# [What you should do]
Reproduce all the lines below exactly and omit the images.

# [Dataset section]

--- --- ---

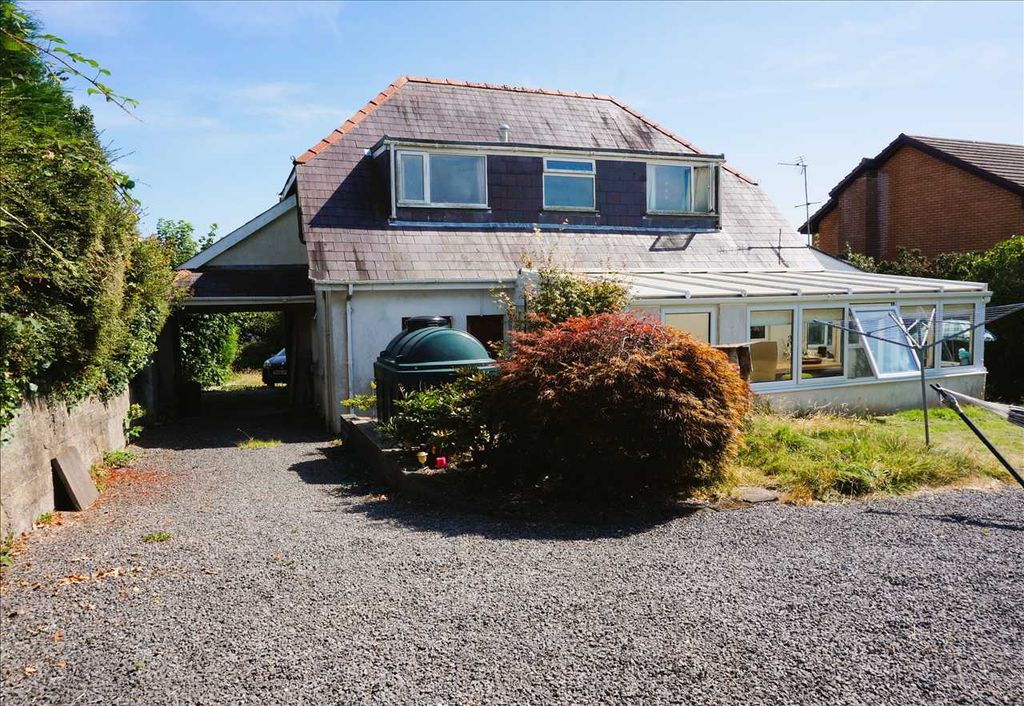 Property photo 2 of 26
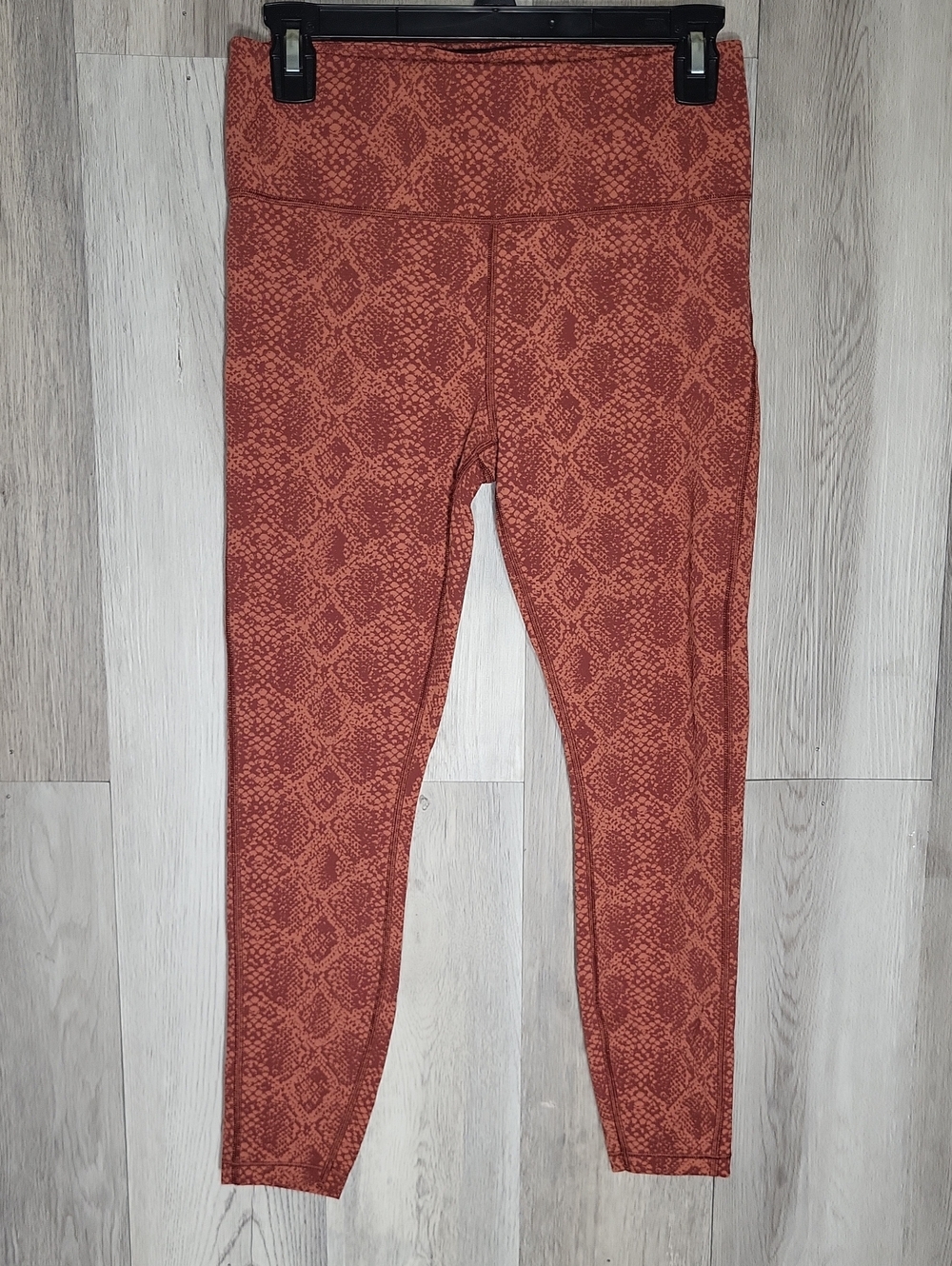 Athleta Womens S Ultimate 7/8 Tight Snakeskin Print High Rise Workout Legging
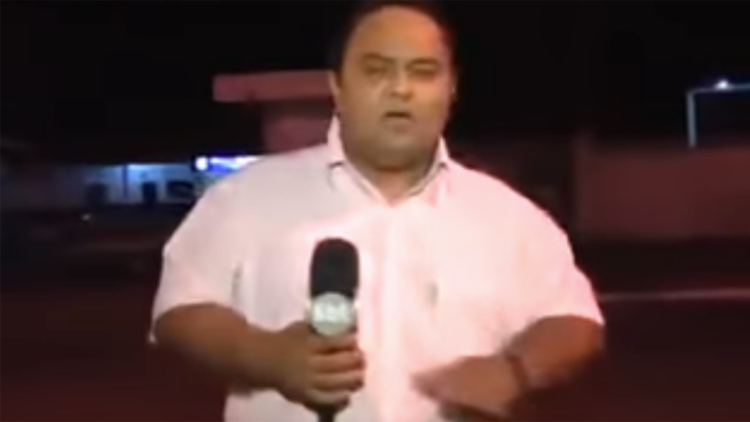 Un reportero 'clarividente' predice un accidente en directo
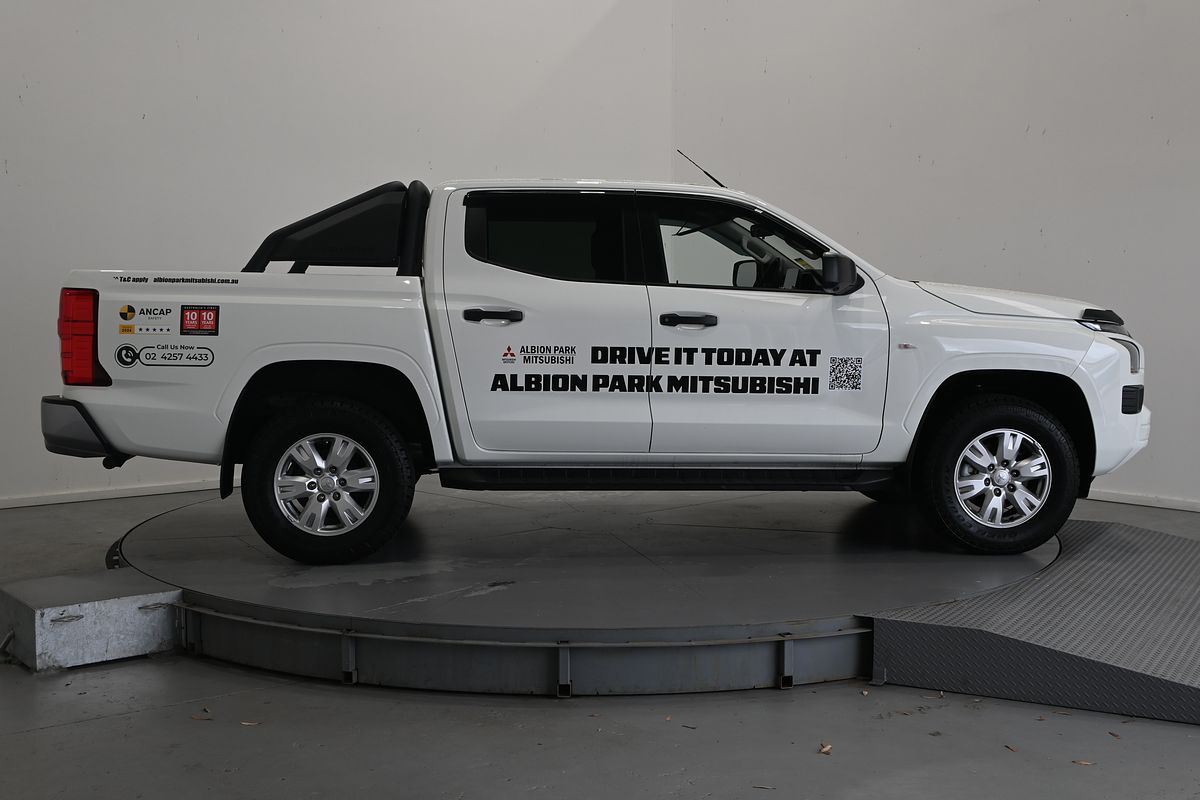 2024 Mitsubishi Triton GLX+ MV 4X4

--- --- ---

# [Output of the task]
 Property photo 2 of 26
 Athleta Womens S Ultimate 7/8 Tight Snakeskin Print High Rise Workout Legging
 Un reportero 'clarividente' predice un accidente en directo
 2024 Mitsubishi Triton GLX+ MV 4X4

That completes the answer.